The People of the State of New York, Respondent, v Brian Christian, Appellant.
    [618 NYS2d 711]
   —Judgment, Supreme Court, New York County (Juanita Bing Newton, J.), rendered January 13, 1992, convicting defendant, after a jury trial, of criminal possession of a controlled substance in the fifth degree, and sentencing him, as a second felony offender, to a term of 3 to 6 years, modified, on the law, to the extent of reducing the conviction to criminal possession of a controlled substance in the seventh degree, and remanding the matter for resentencing in accordance therewith.

A police officer observed defendant packaging crack into glassine envelopes on top of a video game. The officer recovered 10 plastic envelopes containing crack cocaine and a tin foil packet with a large chunk of crack cocaine. Defendant was charged and convicted on proof that he possessed 500 milligrams or more of "pure weight” cocaine in violation of Penal Law § 220.06 (5).

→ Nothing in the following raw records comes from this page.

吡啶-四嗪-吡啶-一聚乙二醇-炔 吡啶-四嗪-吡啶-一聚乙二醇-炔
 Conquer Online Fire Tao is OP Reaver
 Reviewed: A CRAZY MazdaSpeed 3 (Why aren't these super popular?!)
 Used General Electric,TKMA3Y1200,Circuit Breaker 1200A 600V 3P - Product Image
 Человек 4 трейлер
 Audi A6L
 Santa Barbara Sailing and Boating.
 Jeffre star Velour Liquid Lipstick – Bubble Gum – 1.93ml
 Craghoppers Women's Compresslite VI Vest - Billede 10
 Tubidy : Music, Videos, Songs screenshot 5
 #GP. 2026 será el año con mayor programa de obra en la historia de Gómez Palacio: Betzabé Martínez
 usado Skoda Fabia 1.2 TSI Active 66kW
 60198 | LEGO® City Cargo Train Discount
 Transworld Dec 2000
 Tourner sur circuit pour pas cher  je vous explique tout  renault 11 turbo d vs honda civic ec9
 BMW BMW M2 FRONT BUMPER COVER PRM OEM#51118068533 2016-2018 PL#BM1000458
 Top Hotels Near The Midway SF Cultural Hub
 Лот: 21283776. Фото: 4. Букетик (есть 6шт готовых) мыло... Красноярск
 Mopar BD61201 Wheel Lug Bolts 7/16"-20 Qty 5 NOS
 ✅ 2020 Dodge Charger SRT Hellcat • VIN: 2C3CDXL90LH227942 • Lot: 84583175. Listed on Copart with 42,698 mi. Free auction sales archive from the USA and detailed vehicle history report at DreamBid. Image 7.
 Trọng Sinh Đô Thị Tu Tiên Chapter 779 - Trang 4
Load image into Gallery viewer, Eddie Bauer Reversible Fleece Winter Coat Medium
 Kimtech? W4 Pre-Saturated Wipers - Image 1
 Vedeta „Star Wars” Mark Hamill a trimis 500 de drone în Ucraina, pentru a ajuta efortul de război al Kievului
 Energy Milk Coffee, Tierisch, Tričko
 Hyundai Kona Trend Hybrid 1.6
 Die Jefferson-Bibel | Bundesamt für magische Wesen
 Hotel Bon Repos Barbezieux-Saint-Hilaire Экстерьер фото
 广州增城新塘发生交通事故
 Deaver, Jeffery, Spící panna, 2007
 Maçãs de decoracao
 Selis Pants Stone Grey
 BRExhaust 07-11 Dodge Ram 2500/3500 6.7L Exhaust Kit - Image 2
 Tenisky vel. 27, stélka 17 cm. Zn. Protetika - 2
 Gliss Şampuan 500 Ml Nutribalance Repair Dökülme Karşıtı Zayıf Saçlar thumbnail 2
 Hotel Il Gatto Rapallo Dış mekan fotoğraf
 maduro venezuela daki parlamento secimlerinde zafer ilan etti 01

While the police chemists’ testimony established that the crack contained a total of 1,759 milligrams of pure cocaine, or more than three times the statutory minimum of 500 milligrams, the evidence was insufficient as a matter of law to support the finding that defendant knew that he possessed 500 milligrams or more of cocaine (People v Ryan, 82 NY2d 497). The People failed to present any evidence from which a jury could infer that defendant knew the pure net weight of cocaine (People v Gordon, 204 AD2d 22). Concur—Carro, Rosenberger and Wallach, JJ.

Sullivan, J. P., and Rubin, J., dissent in a memorandum by Sullivan, J. P., as follows:

I would affirm defendant’s conviction of criminal possession of a controlled substance in the fifth degree since defendant failed to preserve as a point of law his claim that the trial evidence was legally insufficient to establish that he knew that the quantity of cocaine he possessed was at least 500 milligrams. (See, People v Ivey, 204 AD2d 16.)